_EXCERPTED DATA_:

::::::::

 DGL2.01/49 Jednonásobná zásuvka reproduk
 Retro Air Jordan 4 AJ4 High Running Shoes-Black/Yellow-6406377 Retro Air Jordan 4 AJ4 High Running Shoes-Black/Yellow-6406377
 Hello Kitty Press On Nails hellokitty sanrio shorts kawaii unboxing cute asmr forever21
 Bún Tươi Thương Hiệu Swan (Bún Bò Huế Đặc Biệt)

::::::::

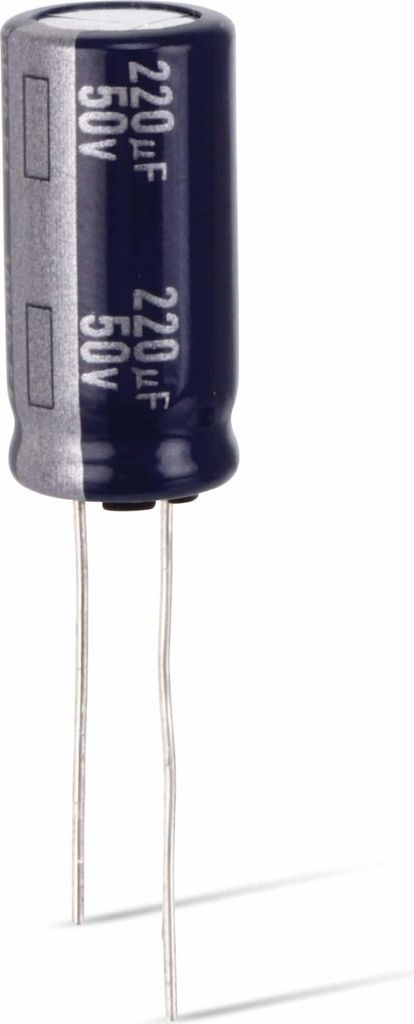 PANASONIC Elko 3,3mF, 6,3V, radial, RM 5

::::::::

Above are the entries. Output exactly the lines beginning with the line that has "Hello Kitty Press" and ending with the line that has "Bún Tươi Thương".

 Hello Kitty Press On Nails hellokitty sanrio shorts kawaii unboxing cute asmr forever21
 Bún Tươi Thương Hiệu Swan (Bún Bò Huế Đặc Biệt)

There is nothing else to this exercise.